Vietnam’s deep scars

The Vietnam War – one of the 20th century’s longest military conflicts – began, according to most historians, with active US military involvement in the region in 1954, although its underlying origins stretch back to the 1800s. Fundamentally, the war pitted communist North Vietnam and its allies against South Vietnam and its main ally, the United States. But it also involved several other countries.
Australia’s involvement began in 1962 when it agreed, as a US ally, to send ‘military advisers’ to Vietnam. Then, in 1965, in a move intended to further strengthen relations with the US and help prevent the “spread of communism in Southeast Asia”, Prime Minister Robert Menzies announced Australia would send a battalion of combat troops to South Vietnam.

By the time the war was over in 1975 the casualty figures were huge. The dead included an estimated 2 million North and South Vietnamese civilians; more than 1 million North Vietnamese soldiers and their guerilla allies, known as the Viet Cong, who were based mostly in the dense jungles of South Vietnam; up to 250,000 South Vietnamese soldiers; and more than 58,000 members of the US armed forces. Of the 60,000 Australians who served in the conflict, 523 were killed and more than 3000 physically injured. New Zealand also committed some 3000 troops, 37 of whom were killed and 187 wounded.

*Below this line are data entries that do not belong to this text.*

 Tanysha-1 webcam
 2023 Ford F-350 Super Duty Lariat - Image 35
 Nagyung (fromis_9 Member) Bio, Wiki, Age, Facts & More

For Australia, there has also been an immense ongoing impact on the servicemen who returned from the bitter conflict – as well as their families. It’s been documented, for example, that up to a third of Australian Vietnam veterans suffered from ongoing post-traumatic stress disorder (PTSD), a condition defined by the American Psychiatric Association as “a psychiatric disorder that may occur in people who have experienced or witnessed a traumatic event, series of events or set of circumstances” which they “may experience…as emotionally or physically harmful or life-threatening and may affect mental, physical, social, and/or spiritual wellbeing”.
In 1999, the Australian Institute of Health and Welfare released a report confirming, after much anecdotal evidence, that the suicide rate in the children of Vietnam veterans was “three times that of the general community”. According to the Institute, “an estimated 230 children of Vietnam veterans suicided between the end of the Vietnam conflict and 1997, with 80% of these being male”.
It’s tragic evidence of the ongoing intergenerational trauma of war, indicating that PTSD certainly reached well beyond the men who fought in the Vietnam conflict.